Anyway, in Philly I found, a first floor, cozy bright and sunny studio with ornate decorative fireplace, high ceilings, and large windows. It has a good size bathroom, two closets, kitchen, front porch, and a rear yard. Washer & dryer in the large basement with separate entrance in the rear of the building for $620. Chances are, this is a parlor level apartment in a Victorian row house because University City is full of those. Nice, and you are closer to the center of town than you are in Bed-Sty to Manhattan.
Next on The Worst Room, let’s look at an interesting place in the West Village, Manhattan for $1900.00 that features a loft bed setup with workstation. Here, the equivalent neighborhood is Queen Village, which is a short walk from everything historic and a slightly longer walk to the business center of the city. Queen Village has nightlife, although it stops at 2 a.m., and restaurants, weird shops, etc; not unlike how the Village was 10 – 15 years ago.

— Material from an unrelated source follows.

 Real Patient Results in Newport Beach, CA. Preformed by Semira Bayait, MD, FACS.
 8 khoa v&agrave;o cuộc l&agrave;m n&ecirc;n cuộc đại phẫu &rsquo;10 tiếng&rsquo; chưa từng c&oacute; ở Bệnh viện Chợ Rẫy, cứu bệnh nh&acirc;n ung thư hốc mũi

I found a lovely house on Craigslist (the entire thing – see photo) for $1700 in Queen Village. For less than the place above, you’ll live on a quiet block with great neighbors and a community garden. Newly renovated, the apartment comes with stainless steel appliances, granite counter tops, hardwood floors, and central air. And with two bedrooms, you can entertain house guests.
Just for fun, I kept on going. If you wanted to live in the Soho equivalent neighborhood you could try this lovely place in Olde City, which is the neighborhood where the Betsy Ross house is. This two-bedroom is listed for $1795 and includes hardwood floors, a fireplace, spiral stairs, and a private roof desk. Olde City is like living around South Street Seaport, if it was mixed together with Soho and only a few blocks big. Olde City is a easy walk to the Midtown-equivalent business area.
So, is this better than living in a car? Maybe. It depends. New York has a sort of mystical hold on people. I understand that, I really do. But, every year more and more New Yorkers migrate down here. Estimates put the number around 4,000 a year. Chances are, you will find, as we have, that many of your neighbors are from New York and are quite happy here because Philly’s pretty darn cool in its own right.